A coalition of community groups and labor organized an open community meeting on Thursday (August 31 at 6:00 PM) to insure that the coming $1.2 billion expansion of Nashville International Airport benefits those left out of Nashville’s booming economy.

Stand Up Nashville Coalition members outlined the BNA Vision expansion of its facilities and services. They also argued that best practices from similar projects around the country could be used to include marginalized communities in development.

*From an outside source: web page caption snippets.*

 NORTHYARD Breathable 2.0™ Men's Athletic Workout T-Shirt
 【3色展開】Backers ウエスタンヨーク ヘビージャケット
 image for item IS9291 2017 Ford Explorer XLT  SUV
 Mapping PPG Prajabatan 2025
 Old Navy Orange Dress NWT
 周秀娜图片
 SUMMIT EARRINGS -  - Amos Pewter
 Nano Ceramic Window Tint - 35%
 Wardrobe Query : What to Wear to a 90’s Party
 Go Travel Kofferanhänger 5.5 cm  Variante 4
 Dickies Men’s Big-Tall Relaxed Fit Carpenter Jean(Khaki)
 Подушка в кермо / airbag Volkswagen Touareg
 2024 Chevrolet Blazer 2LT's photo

“The business-as-usual approach to workforce development is still leaving people behind when we spend millions on Nashville’s growth,” said Anne Barnett, Co-Chair of Stand Up Nashville, “We have a broken pipeline from places like North Nashville to high-quality careers, but it’s nothing that strong apprenticeships and high standards won’t fix.”

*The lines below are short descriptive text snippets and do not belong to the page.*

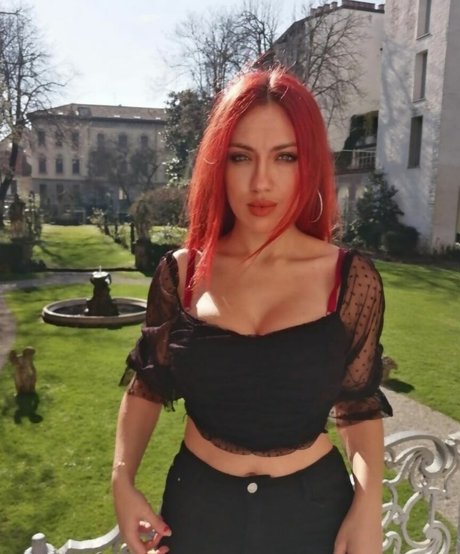 Martina Amoro star pretty pic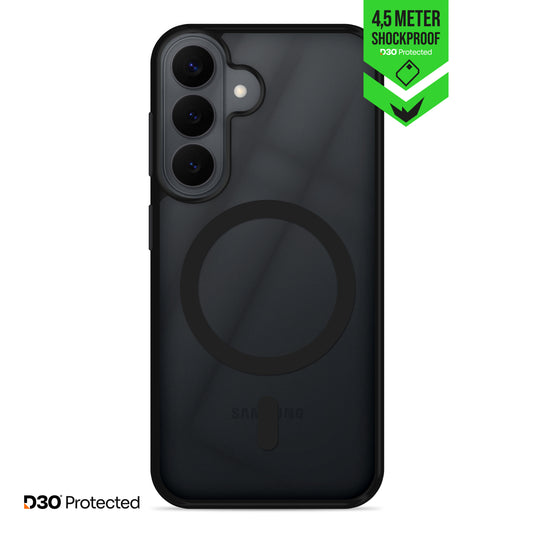 Striker X-Core - D3O Xtreme Impact Mag Case - Black - Samsung S26+ 5G
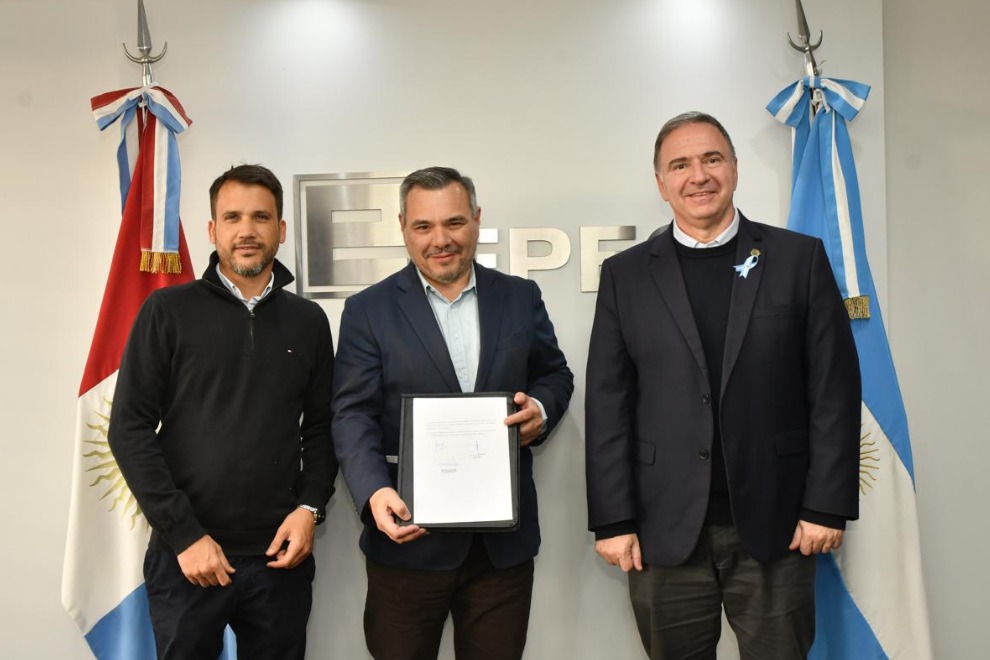 Educación, Desarrollo Social y EPEC impulsan una alianza para fortalecer la formación laboral en Córdoba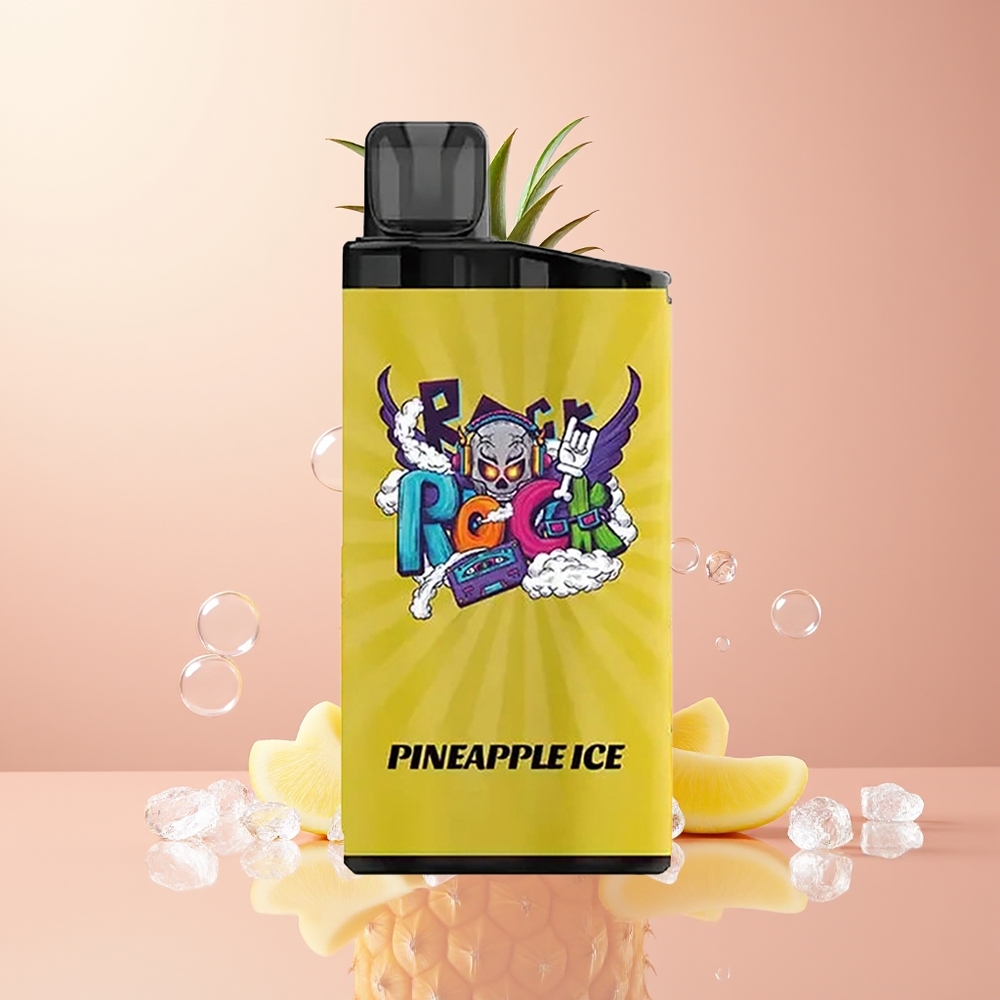 Pineapple Ice IGET Bar 3500 Puffs 1400 mAh Disposable Vape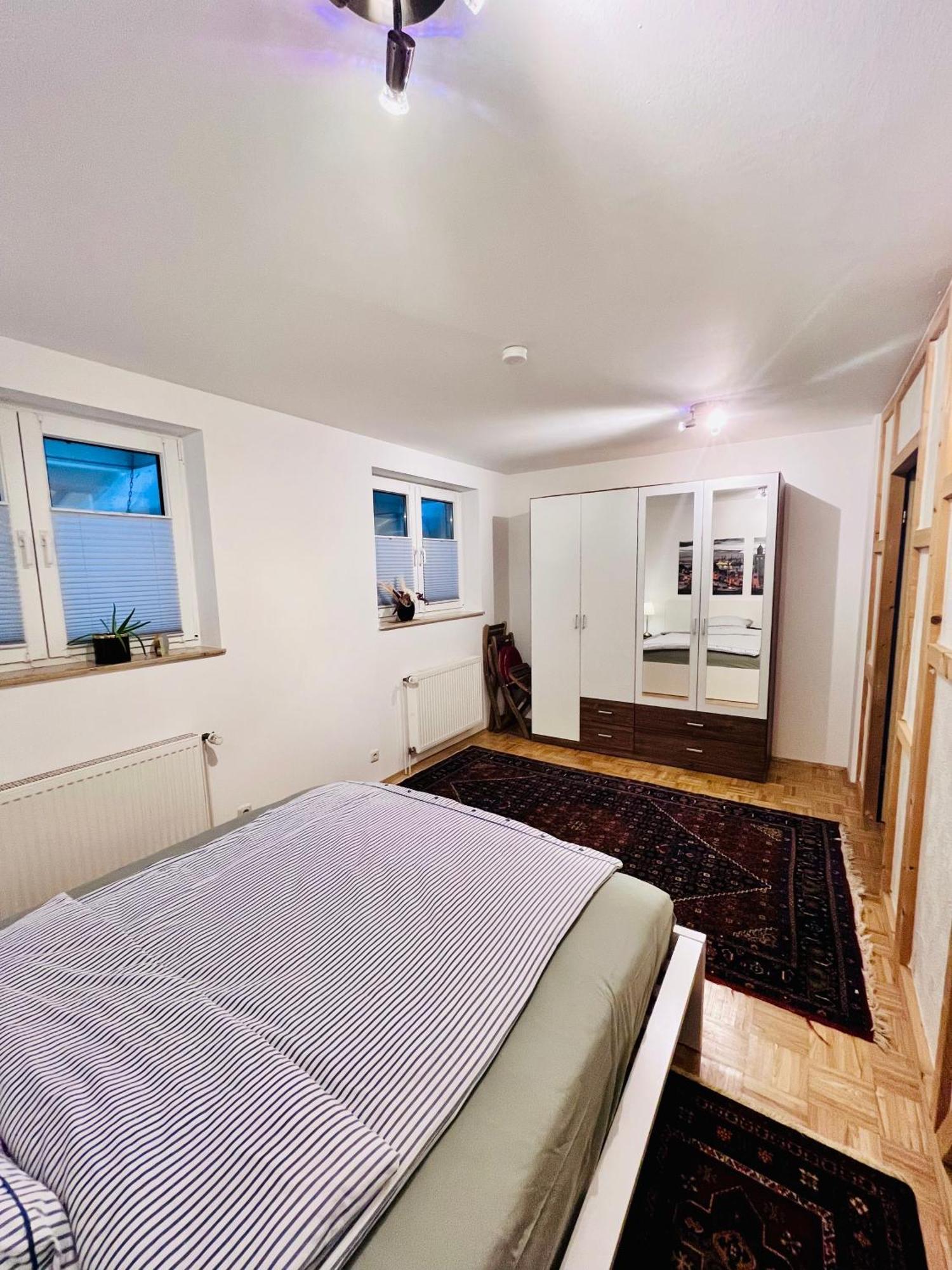 Apartment Hoelderlin Seevetal Esterno foto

Stand Up Nashville has engaged the Nashville Airport Authority with a set of proposals to increase community access to the opportunities in construction and service jobs. The policies include the prioritizing of high-road construction contractors with strong safety records and apprenticeships, over lowest bid contractors that use temporary labor services. The Coalition also presented a Cleaning Workers’ Bill of Rights that guarantees a living wage, sick leave, and worker protections to the many custodial workers and other permanent positions under contract at the airport.

Of particular importance to the crowd of 200 at Mount Zion was the proposal for a Targeted Hire Policy that reach into Nashville’s designated Promise Zones where the average unemployment is 14% and poverty is 34%. “When people in North Nashville, Napier, and Edgehill see cranes over their neighborhood and read about billion dollar projects they wonder when their struggles will change,” said Odessa Kelly, Stand Up Nashville Co-chair. “They see the same temp jobs, the same low pay, while the cost of living and working in Nashville keeps going up. We know things can change if we stand up for our community.”

Stand Up Nashville called on attendees to get involved, go to Metro Council Meetings, and contact the boards and commissions that make decisions about how public resources are spent. The Coalition previewed other projects that could have the same kind of community inclusion the crowd longed for.